The abundance of the above ten secreted protein families were inconsistent in both of the I. holocyclus transcriptome libraries, reinforcing the significant role of tick salivary dynamics in tick blood-feeding behavior as previously reported in other tick sialome studies [14]. Most of transcripts (52.85% from SG_FA_CD and 26.43% from SG_FA_BA), are novel proteins, which had no significant match with any domain or nucleotide and/or protein sequences. This result is consistent with previous sialome studies from several hard and soft ticks, including I. ricinus [17, 26], I. scapularis [24], I. pacificus [25], Rhipicephalus sanguineus [73], Amblyomma maculatum [47], Amblyomma variegatum [19] and Antricola delacruzi [44], identifying a high abundance of proteins and protein families of unknown functions. These sialome studies suggest an intensive evolution in the salivary proteins as a consequence of host immune pressure. Hence, a large quantity of unique protein families and salivary protein were identified in most of tick sialomes that have been analyzed [2, 21].

V. Conclusions

This report describes for the first time the transcriptome data of the Australian paralysis tick, I. holocyclus infesting different hosts, which were resistant and susceptible respectively. The protein families identified are an important contribution in understanding the I. holocyclus interactions within its hosts. The differential contig representations of the two transcriptome libraries indicate that I. holocyclus feeding on different host regulate gene expression differently.

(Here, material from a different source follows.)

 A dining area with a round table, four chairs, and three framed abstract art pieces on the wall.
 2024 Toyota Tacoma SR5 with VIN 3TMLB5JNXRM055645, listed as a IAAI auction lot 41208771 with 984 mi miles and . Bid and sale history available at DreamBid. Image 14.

The contig representation of the contig counts utilized in this study would be an underestimation of the real read coverage. Further analyses such as qPCR are needed to validate the abundances reported here. This transcriptomic study could be further improved by repeating the analysis of the samples with both 454 and Illumina technologies to provide replicate and more robust contig data. Currently, two samples were either processed using 454 or Illumina technologies. The differences observed may be attributed to the inherent differences between the two technologies [74] and therefore reduce the credibility of the results in this study.